In “Misery and Splendor”, the poet describes the difficulty of perfect joining in the sexual act: ‘They are trying to become one creature,/ and something will not have it.’ This poem seems to me to be a predecessor to “The Privilege of Being” where this idea of the desire/the wish for and the difficulty of joining is more fully and beautifully expressed. Hear the full poem read by Hass.
Here’s a partial quote (my bolding):
All of creation is offended by this distress,
It is like the keening sound the moon makes sometimes,
rising. The lovers especially cannot bear it,
it fills them with unspeakable sadness, so that
they close their eyes again and hold each other, each
feeling the mortal singularity of the body
they have enchanted out of death for an hour or so,
and one day, running at sunset, the woman says to the man,
I woke up feeling so sad this morning because I realized
that you could not, as much as I love you,
dear heart, cure my loneliness,
wherewith she touched his cheek to reassure him
that she did not mean to hurt him with this truth.
And the man is not hurt exactly,
he understands that life has limits, that people
die young, fail at love,
fail of their ambitions.
“The Privilege of Being” begins: “Many are making love. Up above, the angels/ in the unshaken ether and crystal of human longing …” The poem has 44 lines that range in syllable count from 5 to 18 with no discernible pattern; only eight of the lines use a syllable count under ten.
I think Hass has purposefully chosen the longer line, avoiding the traditional pentameters, hexameters, etc., because the long line is appropriate to the expansive, lush meaning of the poem:
With the angels above who “are braiding one another’s hair, which is strawberry blond/ and the texture of cold rivers.” That last line, “and the texture of cold rivers,” —forgive my launch into prosody—scans to my mind with two anapests and a trochee—a pattern that slows the line and emphasizes the startling contrast of the phrase to what comes before. I find this rhythmically affecting, pleasurable. The shortest line in the poem—five syllables—is “die young, fail at love.” This line scans with a spondee foot, followed by a trochee and perhaps a trochee truncation. Again, the meter, though not regular, seems perfect to the meaning: the spondees emphasizing the sadness of “die young”; the truncation with failure in life.
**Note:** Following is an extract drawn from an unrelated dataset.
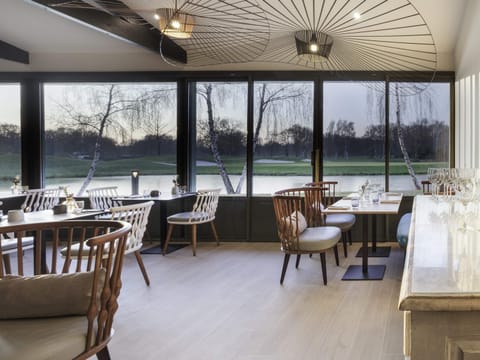 Breakfast, lunch, dinner served; French cuisine, golf course views 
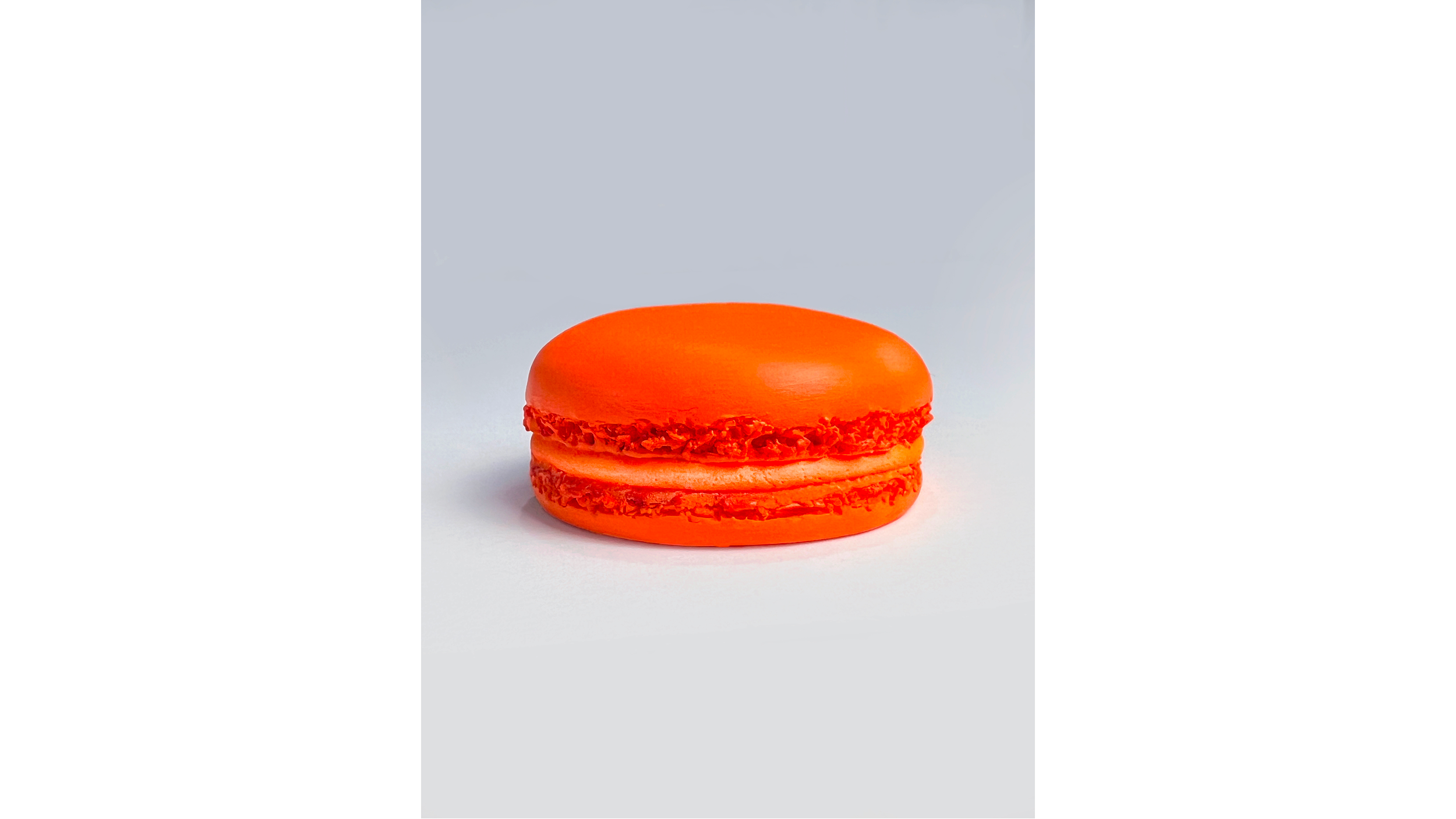 An orange macaron with a shiny top and textured filling, placed on a white surface with a plain gray background.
Hass is aware of the meter even as he chooses not to use it in a regular fashion. I argue that regularity is not germane to the meaning that is about the human inability to create perfect form.
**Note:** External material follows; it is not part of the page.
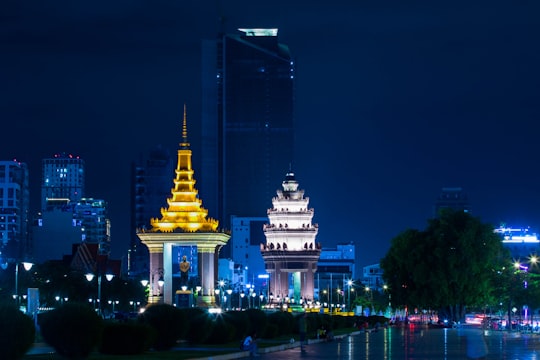 white and gold concrete building during night time in Phnom Penh Cambodia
Hass contrasts the angels, the lovemaking, the philosophical musings of the poem with the mundane: The man in the poem runs beside his lover, “ready to be alone again … or merely companionable like the couples on the summer beach/ reading magazine articles about intimacy between the sexes”—a sobering, ironic reflection of the longing in the poem and the impossibility of complete connection.
Only Connect, all sections, come from my heart and soul. If you have already gone paid, my heart goes out to you with my thanks.
Love,
Mary, I believe you have just opened up Robert Hass to me in a new way. I have a copy of Human Wishes around here somewhere, but I don't open it very often, and I think that's because the prosody doesn't sparkle for me. But I love your point about imperfect forms. Yes, that makes good sense. And I'm noticing now that Hass has the five-word gift. I wonder how many more phrases I'll find like these when I go looking: "the texture of cold rivers"; "die young, fail at love." Tomorrow I'm going on a hunt for my copy! Thank you for writing this so beautifully and convincingly for the Hope Library!
Mary, what a spectacular poem. I am struck by the pleasingly unexpected use of "wherewith" (among many other things).